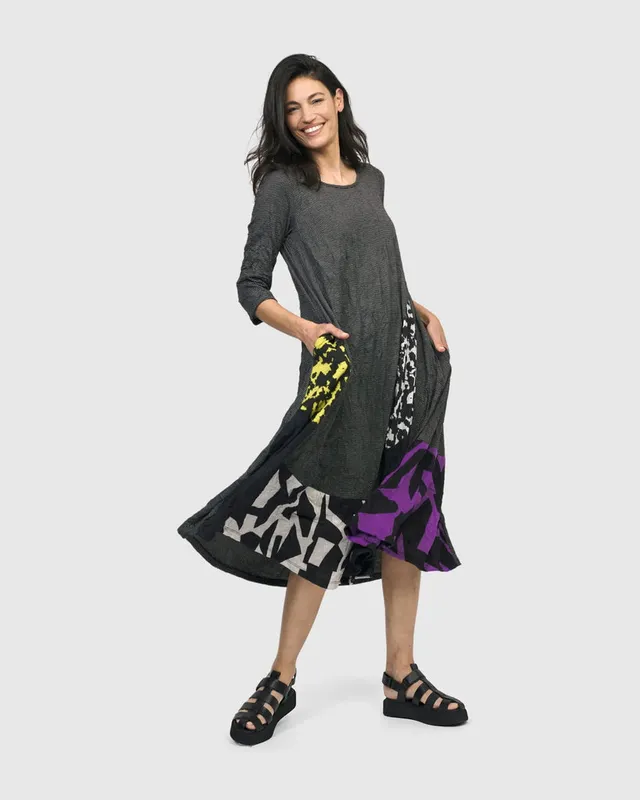 alembika-broadcast-midi-dress-mix image 1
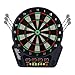 Produktbild YUEBO Dartscheibe Elektronisch Dartboard Elektronisch E Dartscheibe Profi Dartspiel Elektronisch Dart Scheibe mit 6 Soft Dartpfeile
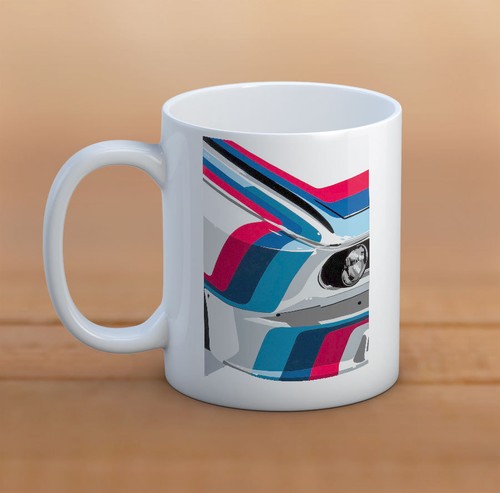 BMW M Power Becher Tasse M Power Racing Rallye Oldschool MUG Germany Kaffee Tee - Bild 1 von 5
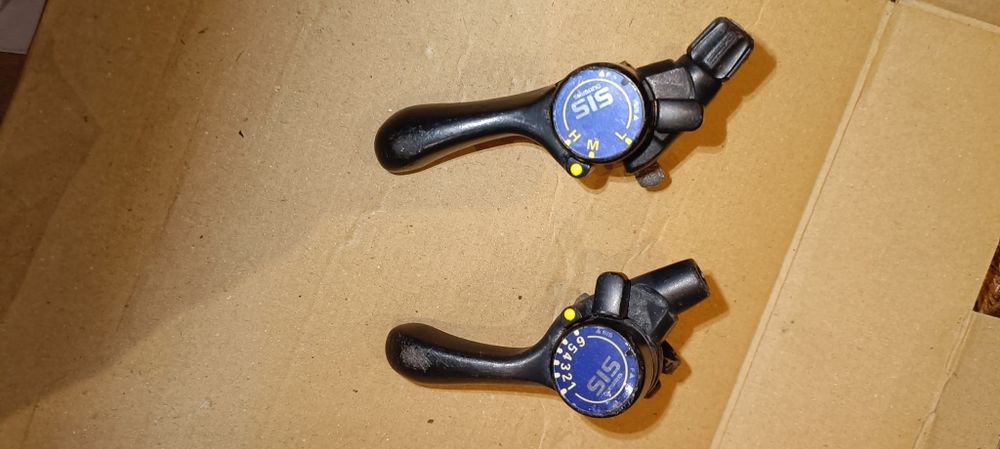 Shifters vintage bicicletas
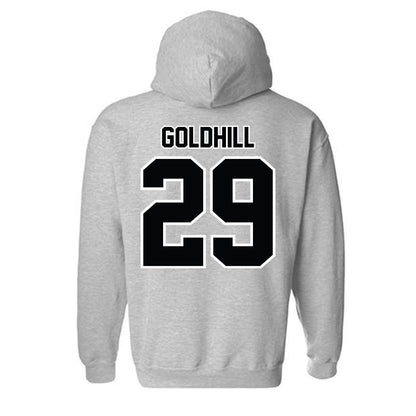 Bryant - NCAA Baseball : Aleksei Goldhill - Classic Shersey Hooded Sweatshirt-1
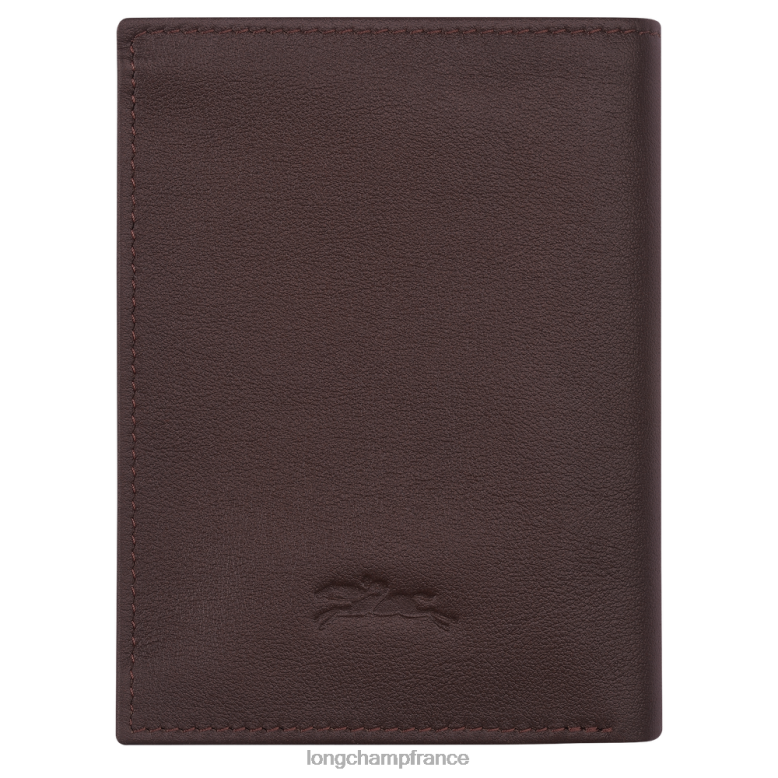 moka Hommes portefeuille sur seine maroquinerie Longchamp Z6ZTP1130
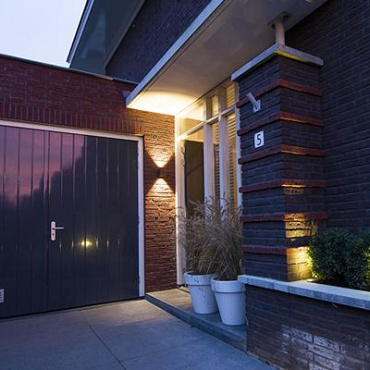 In-Lite Wall ACE UP-DOWN CORTEN 100-230V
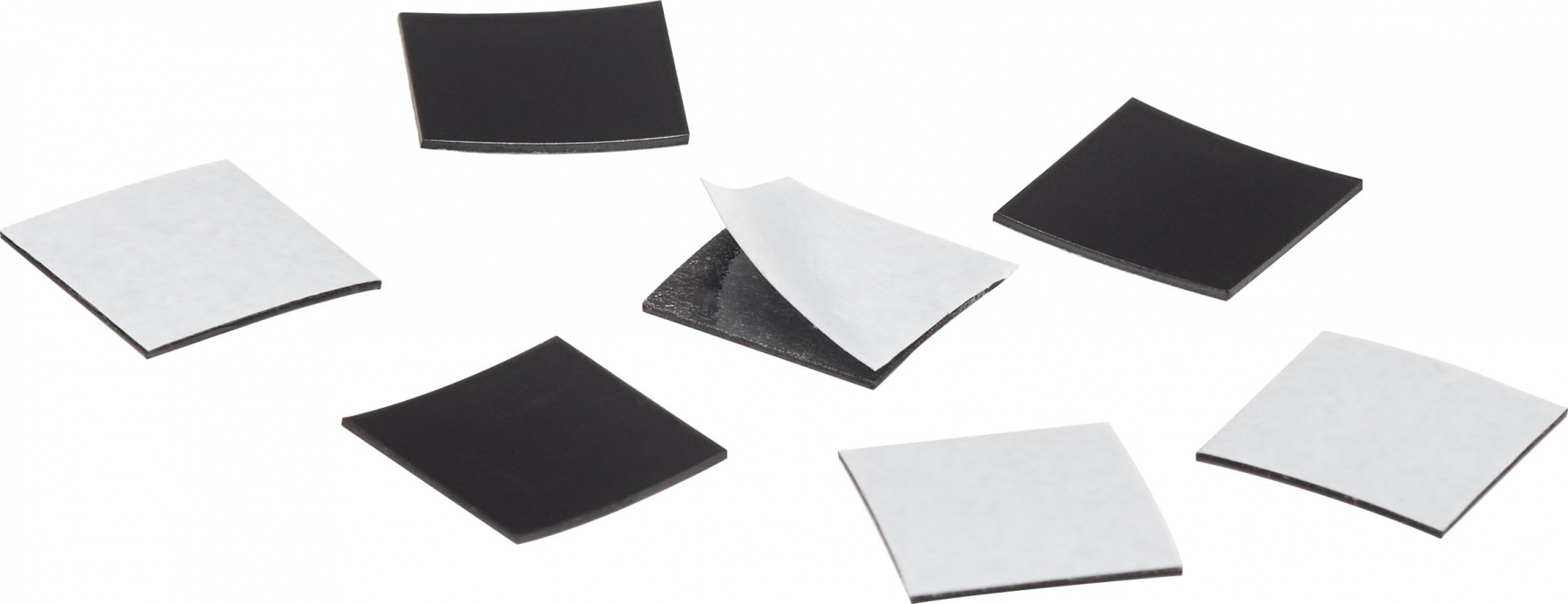 Patratele magnetice MAGNETOPLAN Takkis 20x20x0.75mm, 60 buc/set [4]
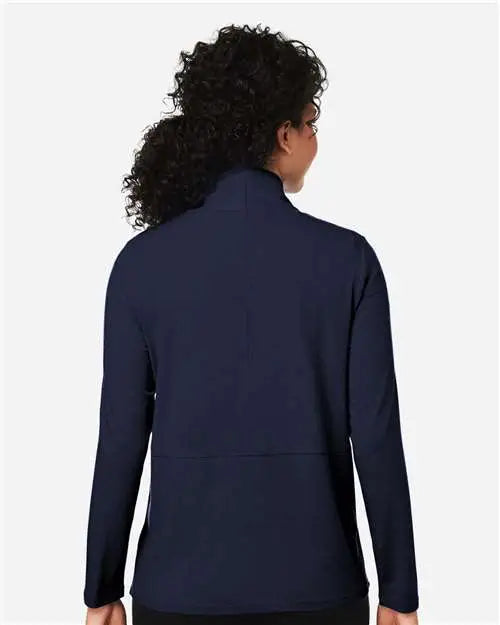 Devon & Jones Dp125w Women’s Raleigh Stretch Cardigan - Navy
--*--
Print exactly the lines from the one containing "moka Hommes portefeuille" through the last line of the records, both included, and leave out the pictures.

 moka Hommes portefeuille sur seine maroquinerie Longchamp Z6ZTP1130
 In-Lite Wall ACE UP-DOWN CORTEN 100-230V
 Patratele magnetice MAGNETOPLAN Takkis 20x20x0.75mm, 60 buc/set [4]
 Devon & Jones Dp125w Women’s Raleigh Stretch Cardigan - Navy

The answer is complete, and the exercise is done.